Tuesday, June 30, 2009

I'm not happy

There. I said it. I'm not happy.

Around here, I am the happy one. I'm the optimistic one. I'm the "half full" one. I can laugh and move on when bad stuff happens. I've never been depressed, really. I've had a day or two of "down," but I get over it and laugh again.

The last couple of days, I can't shake it. I know that I've lost a co-worker lately. I understand that all three sharks in my aquariums have died (the oldest and biggest, I've had for 4 years.) I know that we're financially strapped with Kevin not working. I know all of that, and I've faced worse. Seriously. It's been way worse than this.

So, I have to find my happy. I will. Trust me. It defines me: The Happy One. That's who I am. I support others who are sad or depressed. I'm not the one who needs support. That is NOT me. I will find my happy.

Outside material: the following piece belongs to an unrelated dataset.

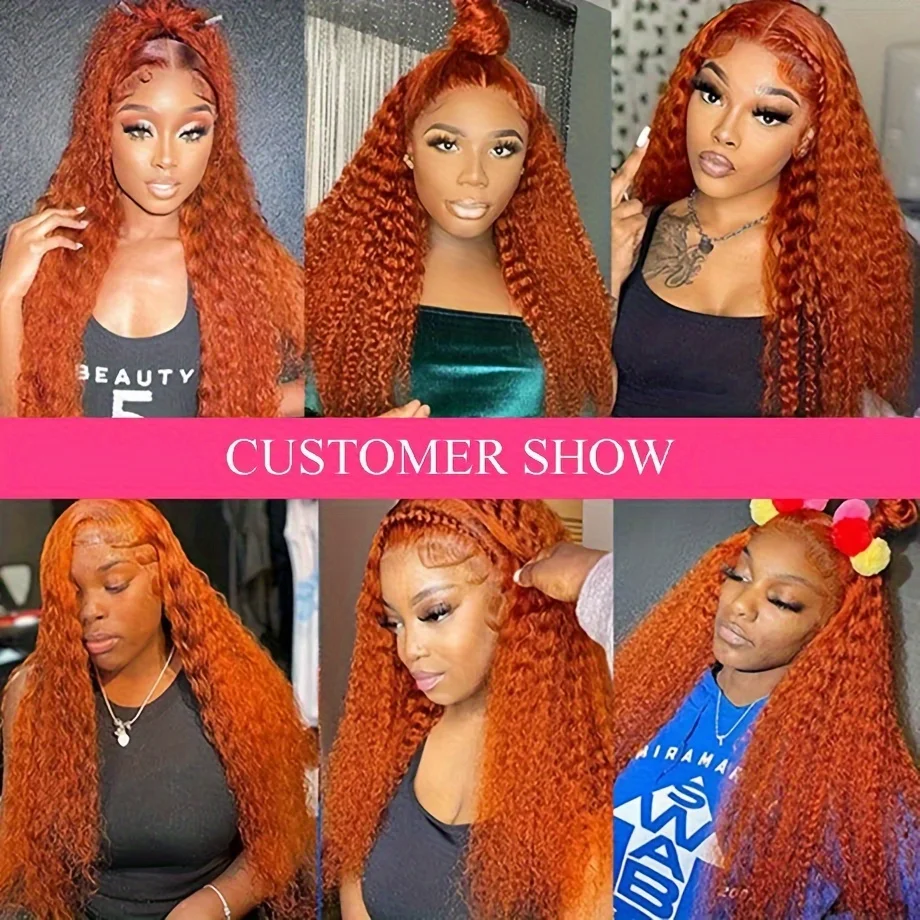 13x4 13x6 HD Lace Front Human Hair Wig 30Inch Deep Wave Frontal Wig Orange Ginger Lace Front Wig Curly Human Hair Wigs For Women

I only have two days of work left, before I'm off for a long weekend. I have been invited to a 4th of July party. I have a family who loves me dearly. I helped carry a brand new baby calf to the barn...to safety. I have a home. I have a cute little red Neon that is completely paid for. I have food to eat and clothes to wear. I have a lazy dog who thinks I rock.

I have people. Dammit. I have people. I'll be fine.

Monday, June 29, 2009

New blog look

Wow. I have nothing to say, but my new blog layout gets a notice. LOL Just kidding. I am always too busy to update, but had some "bored" time this past weekend, so I played with blogger settings.

Natalie is home from Grammy's, but Monica is back down there, with a chance to work at the camp for actual $$$! A kid her age? With an income? She is stoked.

I had a rough day, but they are getting fewer and farther between. Where I sit, I had Patty facing me, and others were around a corner or across a large gap. Today, folks were laughing and talking about something, and I told BWF Michelle that I felt left out. She asked why and I said, "I'm alone over here!" as I nodded at Patty's desk. Instantly, I teared up. Damn. I'm tired of this, for sure.

This is a short week, due to the holiday, so there are only 3 days left. It'll be fine. I'm filling in for others, most of the time, but we're in the summer slow-down, so it's manageable. So much coming up, and so much to do. Glad that time will be there to do it all.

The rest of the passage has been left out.